Yet again I have
been putting off the blog post where I update everyone on my everyday life, and
what it was like to move up here to my first apartment as a sophomore in
college with my first car and the first time really having a room all to
myself. There was also the difficulty of figuring out how to do this task with
my Dad and his back pain, a working Mom, working myself, only one large working
car, only two licensed drivers in the family and everything else that came with
it. In the midst of that chaos, I found myself presented with blessing after
blessing and was also presented with opportunities that only God could have
orchestrated, and that is all I can say about that for now.
Since then, I
have come back to college and one thing that I have noticed between short
conversations over text messages with my sister, talking with my two roommates,
conversations I hear in the gym and stories from the past or over the summer; I
have found one common thing in all of this.
Expectance.
Specifically as
women we expect a lot out of everything from our friends and our future
husbands to life in general. However, one thing that I have learned is not to
expect too much in any situation. Sure we all have our ideas of big days, women
will plan their wedding day down to the very minute, but something typically
goes wrong or someone doesn't act the way that we expected them to.
But even in our
every day lives, I want to pin point one area that most women (as I have
noticed) expect way too much. This area is with men.
Before everyone
goes off about how men NEED to act all chivalrous and be our knights in
shinning armor, just hear me out. As women we get mad if the men that we have
noticed don't message us back right away, or call to ask how we are doing. Also
if they can't help us out on a specific day, we are disappointed in them, or
maybe you went on that first date and you expected him to kiss you at the end,
and it never happened… then you are disappointed in yourself for hoping for
that special moment, disappointed that it didn't happen, and then mad at them
for not getting the hint.
Now, since my one
and only real relationship was… complicated to say the least, I can see why
girls could get mad when their boyfriend doesn't kiss them when they say
goodbye. I can see why they would get mad when the guy ignores the text messages
you send, because it can get frustrating. I see that, I know that and I have
experienced that. However, I don't think that those should be our expectations
of men.
We have these expectations
of them based off of what their human actions are, and I have heard from so
many guys that they just don't think about the little things, and they
definitely don't over analyze the situation as most women do. So what should we
base our expectations on instead of their human actions? I have come up with
three things that I expect out of any Christian guy, no matter their
relationship with me whether it is being an acquaintance, a teammate, friend or
potential romantic partner.
First: Honor God
I have a friend back home, Gela, who often times reminds me
of someone who honors God in everything that she does or says. Just being
around her most times reminds me that when my mind is focused on getting a
certain task done, I have to take a step back and ask myself if that is really
something that God wants me to do. Often
times it was obvious that her heart and mind were focused on Jesus all the
time, and my mind was off in my own world just wanting things to finally come
together faster than they really should. However, after spending some time with
her, having her pray over me, and just encourage me in my walk with God, it
became clear that I had to fix my eyes on Jesus and let him work through my
life. Through him, I would start honoring him with my words and actions, and in
turn I would start to see him working at what he had promised me.

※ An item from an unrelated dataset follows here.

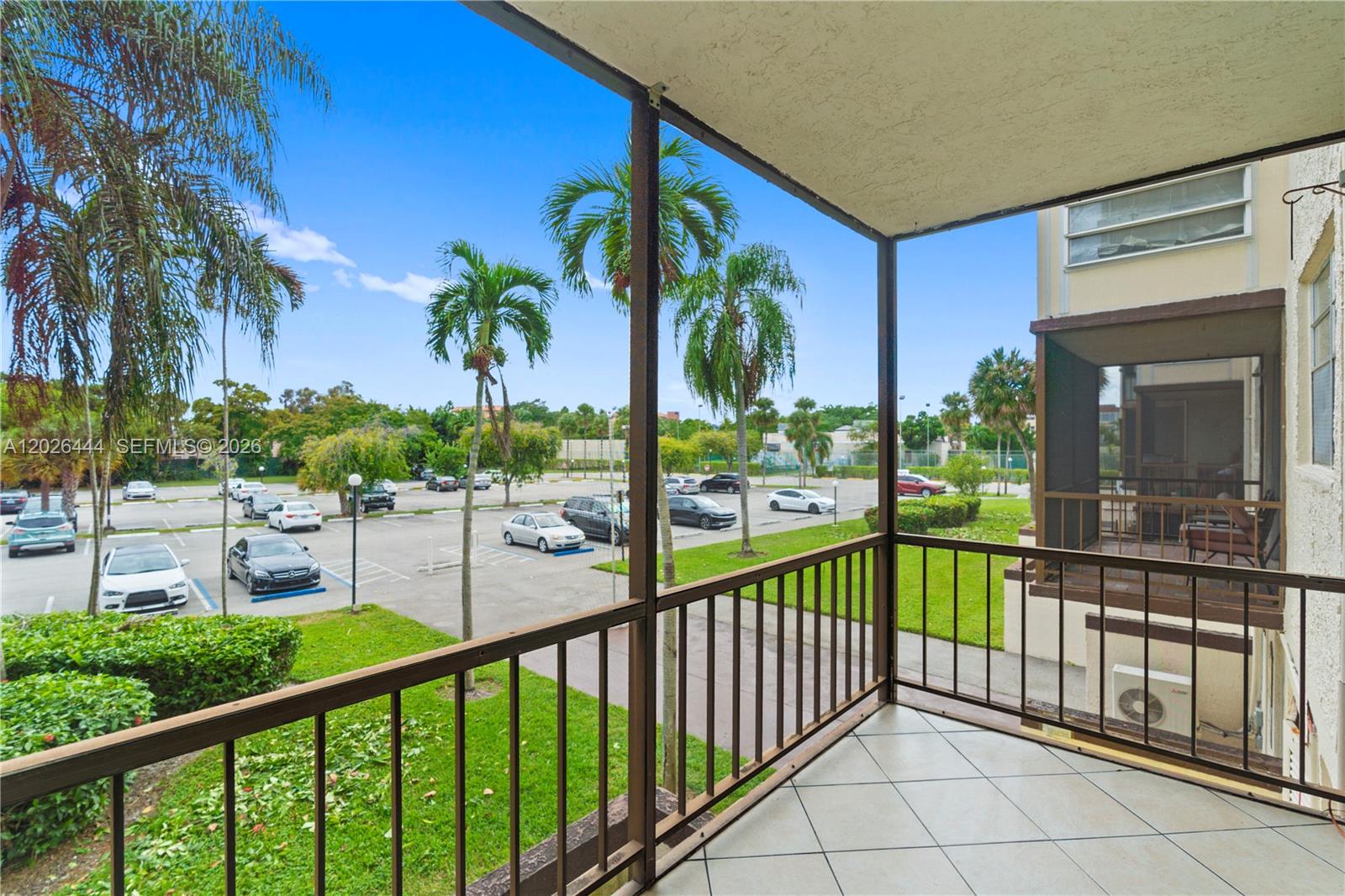 7100 NW 17th St # 219, Plantation FL 33313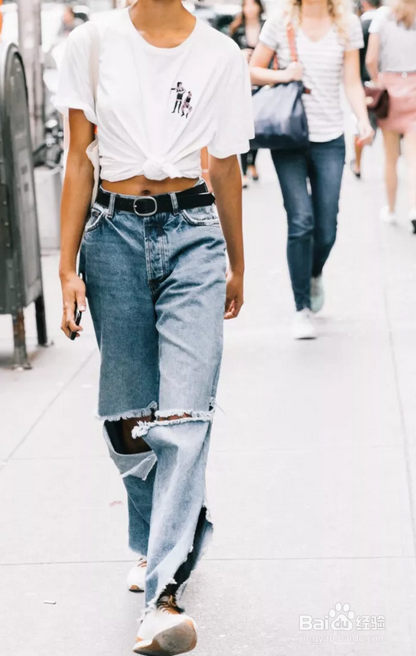 夏季T恤如何搭配更能增加时尚感？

So when it comes to Christian men I do expect them to honor God
in everything they do, and says as well. This can be a long and painful task
when they first start to allow the change in them to take over and let God work
in their lives, and to mold them into that kind of man. I also know, and are
aware that every person has his or her own struggles. However, Jesus has
already over come sin and that sin has been defeated, so as long as they are
relying on God to give them a mindset that is God-focused, then they are
already victorious. So when someone has
a God-focused mindset it can become very easy to honor him in everything they
do or say, they just have to allow God to change them into someone who wants to
honor God in every aspect of their lives.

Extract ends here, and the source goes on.